第2話 掌中の珠




 あの時以来、我の思考が止まらない。



 まるで生まれたばかりの赤子のように、自分自身の好奇心に歯止めがかからないのである。



 これまで人間の血の匂いを追い求め、それ以外に興味も示さなかった我であるが、人間以外の動物だけでなく花や樹木にまでその好奇の心が向いていく。


 そう、こんな名も分からぬ路傍の草までが、我の興味を惹かんと自己主張をするのだ。



 一体、何故こうなってしまったのか。



 風に任せてやってくる匂いを、フラフラと追いかけることももうやらなくなった。


 やらなくなって初めて気づいてしまった、我という存在は唯それだけだったのだということに。



 こうなった原因はやはりあれであろうか。



 人を喰らった事。



 そう、あの後からなのである、これほどまでに世界が一変してしまったのは。



 人を喰らった事で我の身に変化が生じた、そう考えるのが自然と謂えるだろう。



 となると、もう一度喰らえばさらに変化するのであろうか。その可能性は低くはない……。

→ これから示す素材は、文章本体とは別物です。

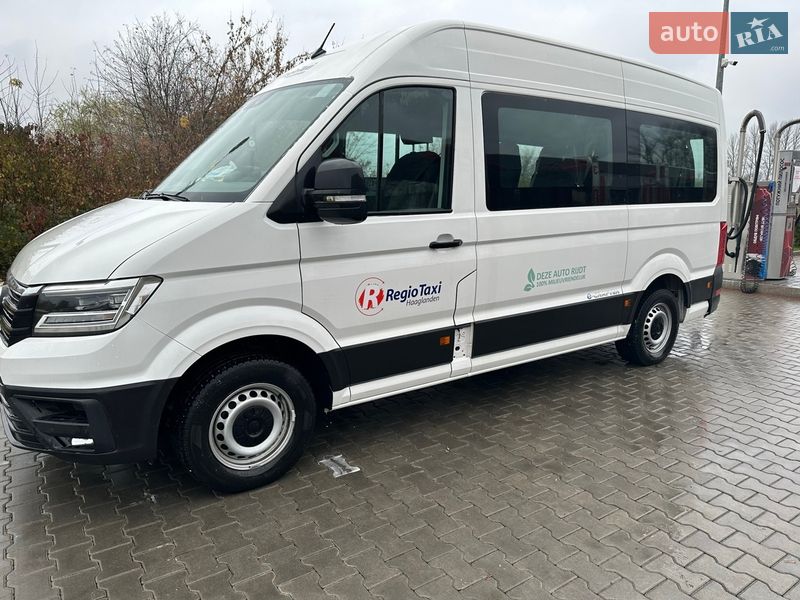 Минивэн Volkswagen e-Crafter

 ならば、試しにもう一度人を喰ろうてみれば判る事である。





 匂いは風が運んでくる。



 これを利用すれば効率よく人間を狩る事が出来るのである。


 実に簡単な事で、風下で風を待ち受けてやればよいのだ。そうすれば様々な匂いが何もせずとも向こうからやって来る。これまでのように、匂いを探して彷徨う必要はないのである。



 こんな事にも気付かなった以前の我を振り返りみるといかにも滑稽といえよう。


 しかし、自身の愚かさまでが見えてしまうというのは何とも厄介というものであるな。



 さて、風に乗って運ばれてくる人間の匂いは三つある。そのうちの二つの匂いは同じ場所にあるので獲物は二か所に絞られる。


 どちらを狙うかといえば、やはり狩りやすい単体の方をという事になろう。




 そう思い立った我は、風下から向かい風に逆らいながら匂いを辿っていく。



 すると、獣道のような所に一人の人間の男がうつ伏せ状態で倒れていた。


 息はしているようなので死んではいないようである。死んだ肉などは喰らいとうはないからの、やはり喰らうなら生が一番であろう。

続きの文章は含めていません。